Following an upgrade to SOLR 6.4.1, it appears that access to HDFS via a NameService name (High Availability) is no longer working.

We have a solrconfig.xml which defines a HDFSDirectoryFactory as follows:

 <directoryFactory name="DirectoryFactory"
                    class="${solr.directoryFactory:solr.HdfsDirectoryFactory}">

  <str name="solr.hdfs.home">hdfs://XXXXHDPDEV1/data/DEV/solr</str>
  <bool name="solr.hdfs.blockcache.enabled">true</bool>
  <int name="solr.hdfs.blockcache.slab.count">32</int>
  <bool name="solr.hdfs.blockcache.direct.memory.allocation">true</bool>
  <int name="solr.hdfs.blockcache.blocksperbank">16384</int>
  <bool name="solr.hdfs.blockcache.read.enabled">true</bool>
  <bool name="solr.hdfs.nrtcachingdirectory.enable">true</bool>
  <int name="solr.hdfs.nrtcachingdirectory.maxmergesizemb">16</int>
  <int name="solr.hdfs.nrtcachingdirectory.maxcachedmb">192</int>
  <str name="solr.hdfs.confdir">/etc/hadoop/conf/</str>
</directoryFactory>

In this definition the value of solr.hdfs.home is hdfs://XXXXHDPDEV1/data/DEV/solr, where XXXXHDPDEV1 is the nameService name for a Hadoop cluster.

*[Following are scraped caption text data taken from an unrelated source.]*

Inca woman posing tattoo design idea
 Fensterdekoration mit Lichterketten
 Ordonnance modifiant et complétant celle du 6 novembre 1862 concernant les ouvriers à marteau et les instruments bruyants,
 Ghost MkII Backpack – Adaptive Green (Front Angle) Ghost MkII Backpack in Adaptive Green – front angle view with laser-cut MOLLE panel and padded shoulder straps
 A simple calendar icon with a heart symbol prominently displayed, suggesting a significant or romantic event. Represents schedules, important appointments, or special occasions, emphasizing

To enable this form of reference to the Hadoop cluster, we also include solr.hdfs.confdir which identifies a local directory that contains the Hadoop config files such as hdfs-site.xml These files map the nameservice name to multiple name nodes and should allow the HDFS client to discover the active name node. Using this nameservice name works fine when using command-line hdfs commands from the same SOLR server.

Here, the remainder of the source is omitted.